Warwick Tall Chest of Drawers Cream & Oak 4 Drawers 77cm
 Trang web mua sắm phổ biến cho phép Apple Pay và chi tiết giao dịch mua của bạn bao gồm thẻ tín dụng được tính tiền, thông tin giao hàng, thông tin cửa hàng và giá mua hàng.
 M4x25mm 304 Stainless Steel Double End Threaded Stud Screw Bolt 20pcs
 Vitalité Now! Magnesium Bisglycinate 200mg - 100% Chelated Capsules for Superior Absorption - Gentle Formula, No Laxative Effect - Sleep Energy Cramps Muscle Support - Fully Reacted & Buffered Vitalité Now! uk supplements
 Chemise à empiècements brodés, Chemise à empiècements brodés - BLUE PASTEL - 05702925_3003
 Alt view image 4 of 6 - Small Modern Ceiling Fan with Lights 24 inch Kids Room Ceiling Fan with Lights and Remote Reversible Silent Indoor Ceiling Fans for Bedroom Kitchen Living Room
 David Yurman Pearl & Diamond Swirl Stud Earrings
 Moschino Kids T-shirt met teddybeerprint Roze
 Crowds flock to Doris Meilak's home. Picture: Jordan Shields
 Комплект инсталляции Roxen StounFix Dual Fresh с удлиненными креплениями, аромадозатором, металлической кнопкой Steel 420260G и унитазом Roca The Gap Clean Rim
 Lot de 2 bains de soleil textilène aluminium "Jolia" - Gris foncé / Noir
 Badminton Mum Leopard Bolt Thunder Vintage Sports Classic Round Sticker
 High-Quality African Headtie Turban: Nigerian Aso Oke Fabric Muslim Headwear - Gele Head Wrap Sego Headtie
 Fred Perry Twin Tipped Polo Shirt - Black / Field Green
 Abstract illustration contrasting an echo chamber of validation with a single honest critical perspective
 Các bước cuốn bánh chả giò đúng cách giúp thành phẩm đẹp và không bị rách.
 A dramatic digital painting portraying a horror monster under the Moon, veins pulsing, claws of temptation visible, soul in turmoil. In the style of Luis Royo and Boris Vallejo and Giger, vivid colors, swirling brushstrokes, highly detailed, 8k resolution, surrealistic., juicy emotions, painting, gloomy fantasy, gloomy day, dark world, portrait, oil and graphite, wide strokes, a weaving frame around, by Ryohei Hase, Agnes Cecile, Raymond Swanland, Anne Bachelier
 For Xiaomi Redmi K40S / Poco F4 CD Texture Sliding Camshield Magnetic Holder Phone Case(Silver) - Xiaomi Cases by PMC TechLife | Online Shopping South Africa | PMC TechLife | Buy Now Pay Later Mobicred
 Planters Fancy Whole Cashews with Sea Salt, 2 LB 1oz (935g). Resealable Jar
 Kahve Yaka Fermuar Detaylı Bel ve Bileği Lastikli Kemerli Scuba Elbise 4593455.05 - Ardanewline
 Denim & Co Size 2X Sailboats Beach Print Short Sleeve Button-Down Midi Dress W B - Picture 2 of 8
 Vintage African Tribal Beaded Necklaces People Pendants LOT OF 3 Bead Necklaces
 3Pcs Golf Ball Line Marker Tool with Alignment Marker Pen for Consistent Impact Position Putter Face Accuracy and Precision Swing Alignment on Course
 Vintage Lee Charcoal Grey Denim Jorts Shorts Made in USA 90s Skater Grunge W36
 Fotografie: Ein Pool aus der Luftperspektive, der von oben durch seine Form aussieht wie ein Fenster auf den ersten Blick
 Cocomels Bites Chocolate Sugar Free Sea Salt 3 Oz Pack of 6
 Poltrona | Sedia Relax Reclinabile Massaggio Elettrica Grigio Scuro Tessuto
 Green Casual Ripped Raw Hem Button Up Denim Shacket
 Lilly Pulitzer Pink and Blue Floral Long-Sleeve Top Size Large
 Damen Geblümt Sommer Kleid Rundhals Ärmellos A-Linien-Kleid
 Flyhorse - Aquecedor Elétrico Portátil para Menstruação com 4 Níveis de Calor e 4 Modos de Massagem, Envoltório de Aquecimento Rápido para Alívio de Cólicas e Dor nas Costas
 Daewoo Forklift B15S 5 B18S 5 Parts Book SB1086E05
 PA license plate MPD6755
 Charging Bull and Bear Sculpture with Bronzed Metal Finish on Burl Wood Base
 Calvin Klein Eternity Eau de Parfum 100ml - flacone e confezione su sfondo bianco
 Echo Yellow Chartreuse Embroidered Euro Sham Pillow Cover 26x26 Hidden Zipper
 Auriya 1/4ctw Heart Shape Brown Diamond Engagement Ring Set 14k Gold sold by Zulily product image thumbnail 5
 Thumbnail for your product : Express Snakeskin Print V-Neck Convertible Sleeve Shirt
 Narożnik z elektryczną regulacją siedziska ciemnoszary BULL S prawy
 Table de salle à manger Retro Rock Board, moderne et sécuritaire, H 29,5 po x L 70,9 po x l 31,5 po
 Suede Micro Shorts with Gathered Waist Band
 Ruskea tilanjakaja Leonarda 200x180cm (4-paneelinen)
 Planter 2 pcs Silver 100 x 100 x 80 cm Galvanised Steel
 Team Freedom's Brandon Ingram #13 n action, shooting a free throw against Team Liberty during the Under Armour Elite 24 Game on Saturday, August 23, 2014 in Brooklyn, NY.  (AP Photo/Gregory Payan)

──────

### Task directions
Look through the data above and return exactly the lines from the one that contains "Vintage African Tribal" to the one that contains "Green Casual Ripped", inclusive, with nothing else.

### Output of the task
 Vintage African Tribal Beaded Necklaces People Pendants LOT OF 3 Bead Necklaces
 3Pcs Golf Ball Line Marker Tool with Alignment Marker Pen for Consistent Impact Position Putter Face Accuracy and Precision Swing Alignment on Course
 Vintage Lee Charcoal Grey Denim Jorts Shorts Made in USA 90s Skater Grunge W36
 Fotografie: Ein Pool aus der Luftperspektive, der von oben durch seine Form aussieht wie ein Fenster auf den ersten Blick
 Cocomels Bites Chocolate Sugar Free Sea Salt 3 Oz Pack of 6
 Poltrona | Sedia Relax Reclinabile Massaggio Elettrica Grigio Scuro Tessuto
 Green Casual Ripped Raw Hem Button Up Denim Shacket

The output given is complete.